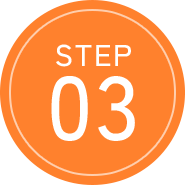 STEP03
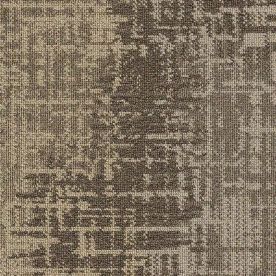 Weave 36603 Weave 36603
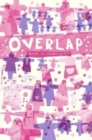 Image for Overlap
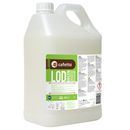 Dominant LOD - Liquid Organic Descaler Green ctn (2x5ltr)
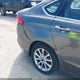 3FA6P0HD8HR291992 2017 Ford Fusion Se auction photo thumbnail 18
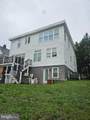 1825 Hamlin Street - Photo 5
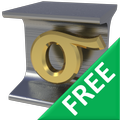 Solid Mechanics Free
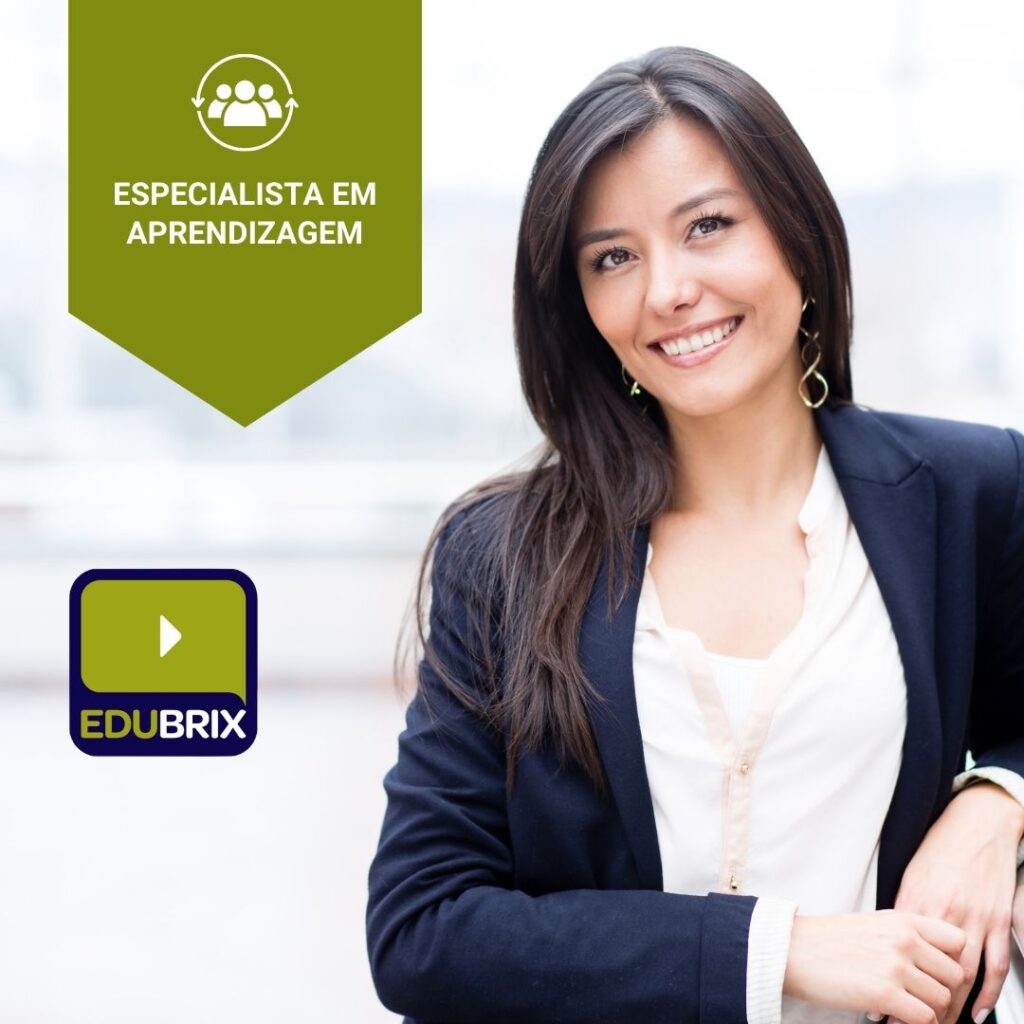 Curso Criando dashboard de aprendizagem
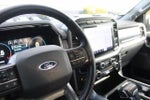 2023 F-150 Thumbnail 11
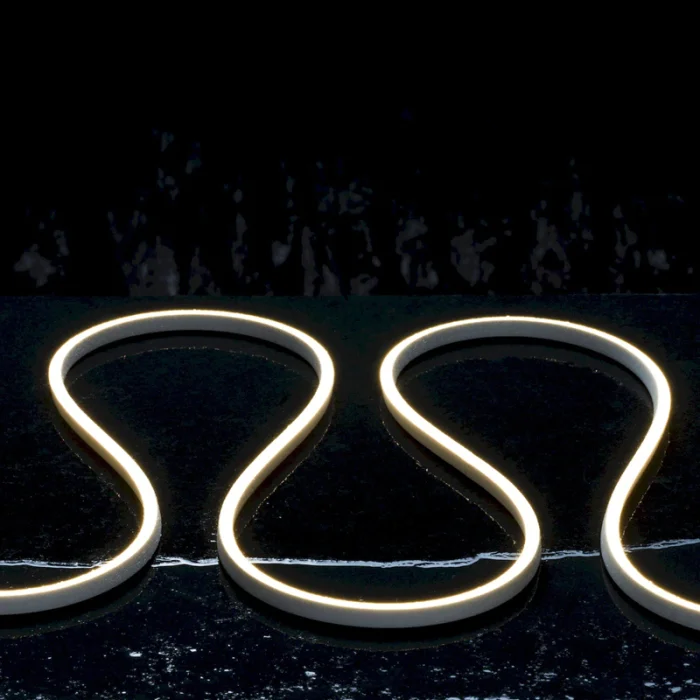 prolighting2-2709893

————

• Problem details
Output a verbatim copy of the entries and skip the pictures.

• Result below
 STEP03
 Weave 36603 Weave 36603
 Image for Overlap
 Dominant LOD - Liquid Organic Descaler Green ctn (2x5ltr)
 3FA6P0HD8HR291992 2017 Ford Fusion Se auction photo thumbnail 18
 1825 Hamlin Street - Photo 5
 Solid Mechanics Free
 Curso Criando dashboard de aprendizagem
 2023 F-150 Thumbnail 11
 prolighting2-2709893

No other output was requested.